The Proteas returning warrior launched a calculated counter-attack that set the mood for the rest of the innings as he and his captain, Faf du Plessis, shared a stand of 114 that enabled the Proteas to score 107/3 in the first session and then 123/4 in the second.
Their final total of 286 coming at a rate of almost four to the over must have exceeded their expectations after the first half-hour’s play.
In reply India closed on 28/3 but had critically lost the wicket of their captain, Virat Kohli, to the first delivery sent down by Morne Morkel, coming on at first change behind Vernon Philander and Dale Steyn who between them accounted for both the Indian opening batsmen.
As always it is better to pass judgment on who holds the advantage until both sides have completed their first innings but with 13 wickets having already fallen for 314 runs the match is moving forward very rapidly and there is nothing to suggest that batting conditions are going to become any easier. If anything, the pitch should become quicker – a point made by Du Plessis when he explained his decision to bat first at the toss – and inconsistent bounce could also come into the equation in the second half of the match.
It is still early days in the career of Ottis Gibson as the Proteas head coach but, if today was anything to go by, he is bringing a touch of Calypso style to the team from his native Caribbean. In the first place the Proteas opted for the attacking option of choosing four specialist pace bowlers plus the spin variety of Keshav Maharaj, in the second the team opted to bat first when bowling may have been a softer option, and in the third the batting line-up struck 39 fours and 2 sixes which, apart from anything else, was largely responsible for a cash injection of R79 500 into the Sunfoil Education Trust (SET) from the number of boundaries and sixes hit and wickets taken.
It added up to a day of high entertainment thoroughly enjoyed by a crowd of close on 15 000.
Both De Villiers and Du Plessis hit 10 centuries in reaching their half-centuries and this was followed by the 60 that Quinton de Kock and Philander put on for the sixth wicket in just 9 overs.
There was also the justification for the line-up chosen with the first five wicket partnerships contributing 142 runs and the last five 144.

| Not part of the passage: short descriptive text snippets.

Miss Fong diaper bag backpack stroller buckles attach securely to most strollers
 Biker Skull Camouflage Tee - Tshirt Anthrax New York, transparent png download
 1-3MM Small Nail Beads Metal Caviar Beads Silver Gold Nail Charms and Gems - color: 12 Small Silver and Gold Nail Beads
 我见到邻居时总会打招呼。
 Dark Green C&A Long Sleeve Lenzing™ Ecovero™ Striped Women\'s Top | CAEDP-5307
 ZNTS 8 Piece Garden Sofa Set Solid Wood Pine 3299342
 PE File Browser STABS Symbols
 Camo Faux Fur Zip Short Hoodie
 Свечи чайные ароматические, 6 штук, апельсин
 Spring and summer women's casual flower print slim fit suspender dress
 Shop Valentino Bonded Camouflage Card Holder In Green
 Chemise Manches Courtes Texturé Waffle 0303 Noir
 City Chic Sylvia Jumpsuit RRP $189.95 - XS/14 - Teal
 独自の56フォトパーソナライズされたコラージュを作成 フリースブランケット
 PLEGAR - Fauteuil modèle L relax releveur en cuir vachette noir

India’s attack was superbly led by Khumar who deserved a five-wicket haul but had to settle for 4/87 from his 19 overs. Jasprit Bumrah, chosen for his debut Test, started what should be a substantial career with the wicket of De Villiers while the all-rounder, Hardik Pandya, also proved his worth.
They will, however, reflect on what a dropped chance by Shikhar Dhawan at third slip cost them as it enabled Maharaj to rally the lower-order with an invaluable innings of 35. It is margins of this sort that could well determine which side comes out on top.